Nenhum outro país atingiu graus tão elevados do despotismo do capital e da escravidão do trabalho como a Grã-Bretanha. Em nenhum outro país, as camadas intermediárias entre o milionário, que comanda exércitos industriais inteiros, e o escravo assalariado, que vive com o dinheiro contado, têm sido tão sucessivamente varridas da face da Terra. Aqui já não existem mais, como nos países continentais, grandes classes de camponeses e artesãos, que dependem quase tanto da sua propriedade quanto do seu próprio trabalho. Ocorreu na Grã-Bretanha um divórcio completo entre a propriedade e o trabalho. Em nenhum outro país, portanto, a guerra entre as duas classes que compõem a sociedade moderna assumiu dimensões tão colossais e características tão distintas e palpáveis.
Mas é precisamente por essa razão que as classes trabalhadoras da Grã-Bretanha, antes de todas as outras, são competentes e chamadas a atuarem como líderes no grandioso movimento que deverá por fim resultar na emancipação absoluta do trabalho. Assim o são pela clareza consciente de suas posições, da sua vasta superioridade numérica, das lutas desastrosas do seu passado e da força moral do seu presente.
Foram os milhões de trabalhadores da Grã-Bretanha que primeiro estabeleceram a base real de uma nova sociedade — a indústria moderna, que transformou as forças destrutivas da natureza no poder produtivo do homem. As classes trabalhadoras inglesas, com invencível energia, com o suor de seus rostos e cérebros, criaram os meios materiais para enobrecer o trabalho em si e multiplicar os seus frutos a tal nível que torne possível a abundância geral.
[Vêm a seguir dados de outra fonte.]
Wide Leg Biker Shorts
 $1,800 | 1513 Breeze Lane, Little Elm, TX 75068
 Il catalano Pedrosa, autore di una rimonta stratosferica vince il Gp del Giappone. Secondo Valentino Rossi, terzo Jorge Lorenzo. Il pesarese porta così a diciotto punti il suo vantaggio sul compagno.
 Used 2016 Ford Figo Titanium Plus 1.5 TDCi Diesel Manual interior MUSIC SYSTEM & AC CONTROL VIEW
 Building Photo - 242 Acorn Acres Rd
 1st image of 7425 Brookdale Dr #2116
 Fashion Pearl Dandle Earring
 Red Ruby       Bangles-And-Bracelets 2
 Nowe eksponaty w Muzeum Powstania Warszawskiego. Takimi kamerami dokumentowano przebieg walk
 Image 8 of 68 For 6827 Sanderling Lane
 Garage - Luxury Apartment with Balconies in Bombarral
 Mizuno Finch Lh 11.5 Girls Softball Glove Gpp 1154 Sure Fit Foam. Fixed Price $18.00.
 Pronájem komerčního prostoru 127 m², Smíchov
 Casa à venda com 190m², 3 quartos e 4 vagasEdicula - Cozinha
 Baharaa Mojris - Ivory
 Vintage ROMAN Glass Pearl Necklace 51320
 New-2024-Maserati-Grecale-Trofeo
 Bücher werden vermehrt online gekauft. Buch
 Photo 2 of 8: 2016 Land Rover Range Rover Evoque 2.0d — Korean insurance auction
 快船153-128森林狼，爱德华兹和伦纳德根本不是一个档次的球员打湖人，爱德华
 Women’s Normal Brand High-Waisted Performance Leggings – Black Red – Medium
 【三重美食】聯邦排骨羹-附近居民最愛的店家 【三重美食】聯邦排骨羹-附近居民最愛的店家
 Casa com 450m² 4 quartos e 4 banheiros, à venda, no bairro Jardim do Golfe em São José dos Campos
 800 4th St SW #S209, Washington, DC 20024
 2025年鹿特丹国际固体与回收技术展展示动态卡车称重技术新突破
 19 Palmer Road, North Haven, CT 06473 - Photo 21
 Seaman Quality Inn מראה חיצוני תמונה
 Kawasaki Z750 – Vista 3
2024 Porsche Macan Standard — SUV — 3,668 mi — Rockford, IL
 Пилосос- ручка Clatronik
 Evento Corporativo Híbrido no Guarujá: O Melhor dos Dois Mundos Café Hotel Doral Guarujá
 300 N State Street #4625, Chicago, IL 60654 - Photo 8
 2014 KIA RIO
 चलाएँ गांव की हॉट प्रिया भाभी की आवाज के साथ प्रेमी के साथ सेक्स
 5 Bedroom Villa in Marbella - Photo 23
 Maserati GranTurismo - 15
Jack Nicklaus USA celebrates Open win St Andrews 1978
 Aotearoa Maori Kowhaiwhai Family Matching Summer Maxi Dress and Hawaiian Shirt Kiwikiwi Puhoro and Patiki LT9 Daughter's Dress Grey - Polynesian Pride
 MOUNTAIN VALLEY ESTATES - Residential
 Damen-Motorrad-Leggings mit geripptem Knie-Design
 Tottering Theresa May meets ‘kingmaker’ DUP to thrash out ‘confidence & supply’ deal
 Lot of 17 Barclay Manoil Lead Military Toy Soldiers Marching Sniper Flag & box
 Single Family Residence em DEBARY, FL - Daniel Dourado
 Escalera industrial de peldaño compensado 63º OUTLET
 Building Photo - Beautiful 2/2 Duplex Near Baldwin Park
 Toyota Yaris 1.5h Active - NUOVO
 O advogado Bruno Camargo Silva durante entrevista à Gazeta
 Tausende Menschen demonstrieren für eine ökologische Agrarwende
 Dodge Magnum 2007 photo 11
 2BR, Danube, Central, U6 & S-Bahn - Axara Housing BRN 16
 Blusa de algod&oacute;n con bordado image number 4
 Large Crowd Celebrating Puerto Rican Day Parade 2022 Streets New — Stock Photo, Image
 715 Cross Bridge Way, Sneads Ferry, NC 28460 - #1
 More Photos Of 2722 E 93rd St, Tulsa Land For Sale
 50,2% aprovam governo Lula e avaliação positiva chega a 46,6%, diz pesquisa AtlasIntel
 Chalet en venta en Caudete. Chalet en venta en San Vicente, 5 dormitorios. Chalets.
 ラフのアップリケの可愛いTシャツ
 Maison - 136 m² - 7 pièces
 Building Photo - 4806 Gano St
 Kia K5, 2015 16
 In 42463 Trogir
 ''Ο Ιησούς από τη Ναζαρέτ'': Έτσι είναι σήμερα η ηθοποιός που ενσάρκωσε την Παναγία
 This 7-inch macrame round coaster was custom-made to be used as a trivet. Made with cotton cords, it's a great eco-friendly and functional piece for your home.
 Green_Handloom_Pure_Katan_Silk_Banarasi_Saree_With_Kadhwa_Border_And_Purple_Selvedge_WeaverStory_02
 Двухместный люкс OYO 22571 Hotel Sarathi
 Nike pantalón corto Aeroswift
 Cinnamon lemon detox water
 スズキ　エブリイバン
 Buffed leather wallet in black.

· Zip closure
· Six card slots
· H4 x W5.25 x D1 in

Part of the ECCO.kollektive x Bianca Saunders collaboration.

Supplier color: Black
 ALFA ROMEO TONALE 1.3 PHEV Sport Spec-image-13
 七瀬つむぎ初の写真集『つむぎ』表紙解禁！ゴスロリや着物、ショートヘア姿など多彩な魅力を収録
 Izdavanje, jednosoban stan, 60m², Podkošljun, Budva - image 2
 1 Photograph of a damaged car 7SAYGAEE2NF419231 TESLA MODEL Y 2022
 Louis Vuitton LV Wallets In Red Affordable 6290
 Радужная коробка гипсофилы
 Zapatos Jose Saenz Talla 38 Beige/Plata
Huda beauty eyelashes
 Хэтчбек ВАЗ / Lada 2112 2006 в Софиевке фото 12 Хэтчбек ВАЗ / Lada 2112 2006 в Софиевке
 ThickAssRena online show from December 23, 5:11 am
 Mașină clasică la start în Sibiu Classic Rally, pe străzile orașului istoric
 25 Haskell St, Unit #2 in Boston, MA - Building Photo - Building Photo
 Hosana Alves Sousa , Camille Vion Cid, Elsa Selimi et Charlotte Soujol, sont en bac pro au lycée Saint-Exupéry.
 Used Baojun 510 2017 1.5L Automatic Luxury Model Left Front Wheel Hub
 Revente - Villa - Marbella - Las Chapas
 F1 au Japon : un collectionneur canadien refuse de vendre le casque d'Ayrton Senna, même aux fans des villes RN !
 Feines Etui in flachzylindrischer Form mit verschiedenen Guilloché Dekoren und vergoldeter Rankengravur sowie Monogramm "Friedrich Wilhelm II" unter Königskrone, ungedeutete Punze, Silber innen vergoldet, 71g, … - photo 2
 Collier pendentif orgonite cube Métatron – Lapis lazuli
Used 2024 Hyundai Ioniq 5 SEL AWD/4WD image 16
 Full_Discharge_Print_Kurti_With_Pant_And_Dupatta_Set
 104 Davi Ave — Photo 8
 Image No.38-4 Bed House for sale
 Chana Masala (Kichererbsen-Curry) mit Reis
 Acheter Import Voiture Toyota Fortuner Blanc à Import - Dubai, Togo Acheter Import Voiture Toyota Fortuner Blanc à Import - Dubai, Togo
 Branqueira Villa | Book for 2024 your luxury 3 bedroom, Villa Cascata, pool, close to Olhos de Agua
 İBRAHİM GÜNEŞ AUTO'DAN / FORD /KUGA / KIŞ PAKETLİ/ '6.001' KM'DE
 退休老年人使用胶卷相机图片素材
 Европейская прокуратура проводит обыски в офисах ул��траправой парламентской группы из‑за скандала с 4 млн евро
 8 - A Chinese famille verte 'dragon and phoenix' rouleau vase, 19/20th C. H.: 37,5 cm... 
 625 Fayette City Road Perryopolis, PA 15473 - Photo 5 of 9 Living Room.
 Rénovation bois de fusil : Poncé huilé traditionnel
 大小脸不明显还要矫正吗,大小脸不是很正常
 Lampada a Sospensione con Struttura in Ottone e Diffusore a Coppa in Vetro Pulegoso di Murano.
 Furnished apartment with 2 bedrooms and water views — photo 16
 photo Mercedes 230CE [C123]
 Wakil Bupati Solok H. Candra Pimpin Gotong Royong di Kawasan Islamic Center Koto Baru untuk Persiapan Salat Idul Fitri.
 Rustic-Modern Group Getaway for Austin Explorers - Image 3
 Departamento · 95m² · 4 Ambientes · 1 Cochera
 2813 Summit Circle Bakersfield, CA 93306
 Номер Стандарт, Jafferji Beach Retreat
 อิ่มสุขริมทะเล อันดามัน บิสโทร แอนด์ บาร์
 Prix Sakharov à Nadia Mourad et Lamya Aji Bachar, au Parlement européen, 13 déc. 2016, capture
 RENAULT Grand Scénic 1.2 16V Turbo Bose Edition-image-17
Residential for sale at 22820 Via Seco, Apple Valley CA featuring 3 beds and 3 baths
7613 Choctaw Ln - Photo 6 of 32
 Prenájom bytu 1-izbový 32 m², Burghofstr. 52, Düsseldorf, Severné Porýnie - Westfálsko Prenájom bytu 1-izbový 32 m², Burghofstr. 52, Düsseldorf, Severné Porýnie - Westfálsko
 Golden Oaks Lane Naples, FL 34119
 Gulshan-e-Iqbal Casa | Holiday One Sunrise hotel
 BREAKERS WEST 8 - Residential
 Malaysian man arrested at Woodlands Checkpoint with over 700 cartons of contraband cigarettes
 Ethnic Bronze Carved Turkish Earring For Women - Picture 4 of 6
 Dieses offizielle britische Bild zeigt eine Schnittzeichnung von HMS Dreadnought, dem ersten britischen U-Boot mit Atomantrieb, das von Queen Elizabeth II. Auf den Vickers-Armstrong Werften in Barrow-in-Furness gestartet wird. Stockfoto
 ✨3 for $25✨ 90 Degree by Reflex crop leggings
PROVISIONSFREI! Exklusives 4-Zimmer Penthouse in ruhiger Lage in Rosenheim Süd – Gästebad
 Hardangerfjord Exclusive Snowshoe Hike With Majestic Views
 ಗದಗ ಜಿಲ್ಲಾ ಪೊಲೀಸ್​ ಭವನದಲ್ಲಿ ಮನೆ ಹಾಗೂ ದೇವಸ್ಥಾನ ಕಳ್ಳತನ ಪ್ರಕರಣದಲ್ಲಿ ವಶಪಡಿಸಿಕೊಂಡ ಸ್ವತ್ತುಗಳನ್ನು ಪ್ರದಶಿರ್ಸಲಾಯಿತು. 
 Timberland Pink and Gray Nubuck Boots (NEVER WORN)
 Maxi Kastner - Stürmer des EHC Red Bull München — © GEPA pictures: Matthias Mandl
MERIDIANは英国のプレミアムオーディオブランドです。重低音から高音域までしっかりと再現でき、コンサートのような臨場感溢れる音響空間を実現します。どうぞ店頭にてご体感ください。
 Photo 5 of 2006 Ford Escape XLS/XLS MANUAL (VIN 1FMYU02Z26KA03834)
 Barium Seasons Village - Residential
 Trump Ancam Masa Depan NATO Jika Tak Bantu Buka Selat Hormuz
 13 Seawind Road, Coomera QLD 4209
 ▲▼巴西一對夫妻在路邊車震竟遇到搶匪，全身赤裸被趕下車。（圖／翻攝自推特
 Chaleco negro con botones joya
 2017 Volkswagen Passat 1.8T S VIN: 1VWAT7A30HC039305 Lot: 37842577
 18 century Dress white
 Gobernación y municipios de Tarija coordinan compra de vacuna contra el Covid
Ao criar as inesgotáveis capacidades produtivas da indústria moderna, cumpriram a primeira condição para a emancipação do trabalho. Têm agora de concretizar a sua outra condição. Devem libertar as forças produtoras de riqueza das amarras infames do monopólio, sujeitando-as ao controle conjunto dos produtores, os quais, até agora, permitiram que os produtos de suas próprias mãos se virassem contra eles e se transformassem em instrumentos da sua própria submissão.
As classes trabalhadoras conquistaram a natureza; agora têm de conquistar o homem. Para terem êxito em tal desafio, precisam não de força, mas da organização de sua força comum, [da] organização das classes trabalhadoras numa escala nacional — tal, suponho, é o grande e glorioso objetivo almejado pelo Parlamento do Trabalho.
Se o Parlamento do Trabalho provar-se fiel à ideia que lhe deu vida, algum historiador do futuro terá de registrar que existiram dois Parlamentos na Inglaterra no ano de 1854, um Parlamento em Londres e um Parlamento em Manchester — um Parlamento dos ricos e um Parlamento dos pobres —, mas que os homens sentaram-se somente no Parlamento dos homens, e não no Parlamento dos patrões.